D’autres facteurs associés à cette modalité de vieillissement sont liés au statut social et économique (plus haut niveau d’études, niveau socioculturel supérieur à la moyenne, revenus plus élevés) et sont donc plus difficilement corrigeables. Certains facteurs sont plus délicats à interpréter, car ils peuvent aussi bien être prédictifs de cette modalité de vieillissement qu’en résulter. Il en est ainsi du maintien des capacités d’attention et de mémoire, de marche et d’équilibre, de la moindre fréquence d’affects dépressifs, d’une meilleure satisfaction de vie et d’une meilleure productivité. Le concept de vieillissement réussi ne peut cependant pas être abordé en se limitant à ces seuls aspects fonctionnels, et il convientde l’intégrer à celui, plus large, de qualité de vie. Cette dernière implique à la fois la perception que l’individu a de sa santé, mais aussi sa satisfaction à l’égard des liens affectifs entretenus avec son entourage (familial, amical) et vis-à-vis de son rôle social. Le maintien des capacités fonctionnelles est donc sans nul doute une condition nécessaire mais non suffisante à l’atteinte des autres dimensions de la qualité de vie. Par conséquent, toute action de prévention visant à maintenir un niveau suffisant de capacités fonctionnelles doit être associée ou, mieux, intégrée au développement de relations familiales ou amicales. Elle doit en outre être reliée à l’objectif de maintenir ou redonner un rôle social et participatif à la personne vieillissante.
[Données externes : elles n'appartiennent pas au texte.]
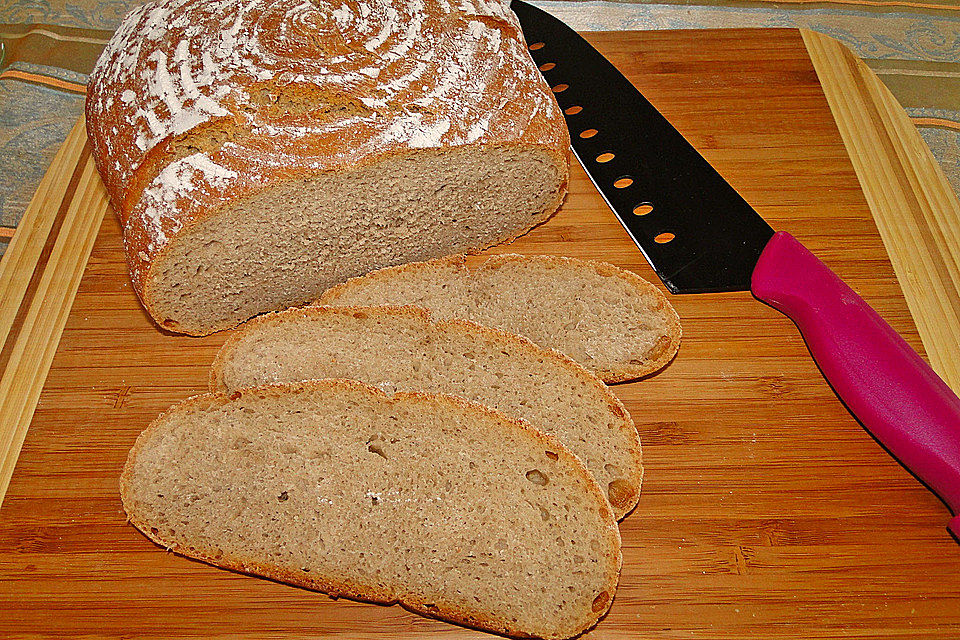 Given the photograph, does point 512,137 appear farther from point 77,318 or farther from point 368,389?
point 77,318

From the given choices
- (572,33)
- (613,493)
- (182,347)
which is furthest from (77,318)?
(572,33)

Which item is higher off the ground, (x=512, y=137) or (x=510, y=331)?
(x=512, y=137)

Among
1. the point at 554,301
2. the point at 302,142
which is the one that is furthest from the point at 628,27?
the point at 302,142

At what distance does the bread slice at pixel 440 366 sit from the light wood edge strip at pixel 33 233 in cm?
75

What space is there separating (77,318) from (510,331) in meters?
1.27

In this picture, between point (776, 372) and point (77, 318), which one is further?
point (77, 318)

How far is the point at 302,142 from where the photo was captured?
2.14m

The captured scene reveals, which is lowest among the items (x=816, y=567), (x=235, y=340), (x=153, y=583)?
(x=153, y=583)

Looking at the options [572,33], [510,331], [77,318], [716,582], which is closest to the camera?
[716,582]

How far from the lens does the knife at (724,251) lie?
189cm

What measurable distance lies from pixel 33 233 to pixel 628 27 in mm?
2551

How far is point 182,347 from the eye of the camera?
2.32 meters

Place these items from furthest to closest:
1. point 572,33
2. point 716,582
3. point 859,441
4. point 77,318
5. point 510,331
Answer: point 572,33 → point 77,318 → point 510,331 → point 859,441 → point 716,582

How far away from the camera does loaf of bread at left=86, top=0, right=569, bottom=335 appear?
2.13m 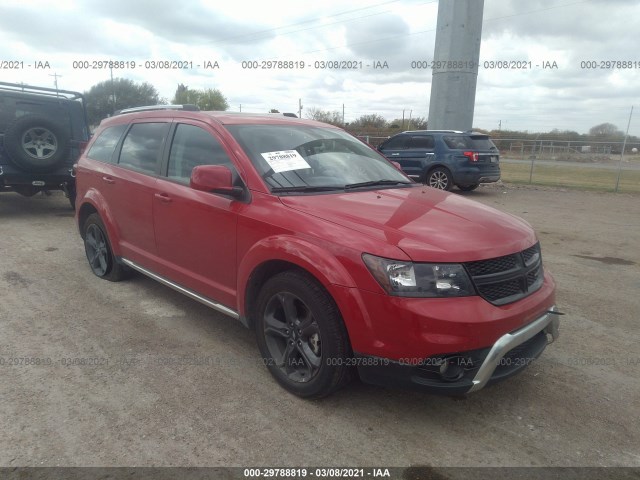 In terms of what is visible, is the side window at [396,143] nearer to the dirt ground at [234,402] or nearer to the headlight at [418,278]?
the dirt ground at [234,402]

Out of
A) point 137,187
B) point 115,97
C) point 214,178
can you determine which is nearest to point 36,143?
point 137,187

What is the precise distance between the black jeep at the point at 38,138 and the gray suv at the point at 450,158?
7792 millimetres

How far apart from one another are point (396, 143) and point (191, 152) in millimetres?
10471

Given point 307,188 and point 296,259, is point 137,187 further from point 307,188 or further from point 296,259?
point 296,259

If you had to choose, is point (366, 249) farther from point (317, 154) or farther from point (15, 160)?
point (15, 160)

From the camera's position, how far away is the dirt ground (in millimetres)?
2545

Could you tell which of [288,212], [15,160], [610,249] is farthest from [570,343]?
[15,160]

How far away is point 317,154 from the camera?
12.3 feet

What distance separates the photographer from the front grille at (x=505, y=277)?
2607mm

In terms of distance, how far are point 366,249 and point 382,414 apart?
106cm

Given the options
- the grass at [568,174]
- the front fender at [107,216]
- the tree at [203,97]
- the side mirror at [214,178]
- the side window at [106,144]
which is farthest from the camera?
the tree at [203,97]

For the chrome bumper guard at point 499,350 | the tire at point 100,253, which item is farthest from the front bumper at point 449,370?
the tire at point 100,253

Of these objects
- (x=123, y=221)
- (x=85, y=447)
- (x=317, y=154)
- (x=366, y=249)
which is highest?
(x=317, y=154)

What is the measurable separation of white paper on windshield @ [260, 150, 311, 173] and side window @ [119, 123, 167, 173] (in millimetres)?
1263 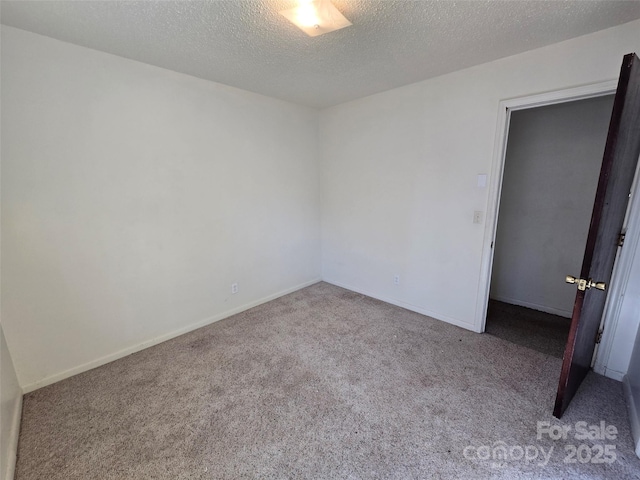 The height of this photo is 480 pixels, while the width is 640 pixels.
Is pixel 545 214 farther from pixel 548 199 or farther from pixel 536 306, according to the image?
pixel 536 306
Le vieillissement usuel : réversibilité et adaptabilité

L’application de certaines actions est de nature à améliorer le statut fonctionnel. Il est donc concevable, à condition d’interventions précoces, et dans certaines limites, qu’une personne évolue d’un mode de vieillissement usuel à un vieillissement réussi. Cette réversibilité rend compte d’une certaine adaptabilité de l’organisme aux programmes de stimulations physiques ou cognitives. Inversement, la réversibilité alimente l’hypothèse selon laquelle le vieillissement usuel résulterait, du moins en partie, d’un mode de vie où les capacités et les fonctions ne seraient pas utilisées à 100 %.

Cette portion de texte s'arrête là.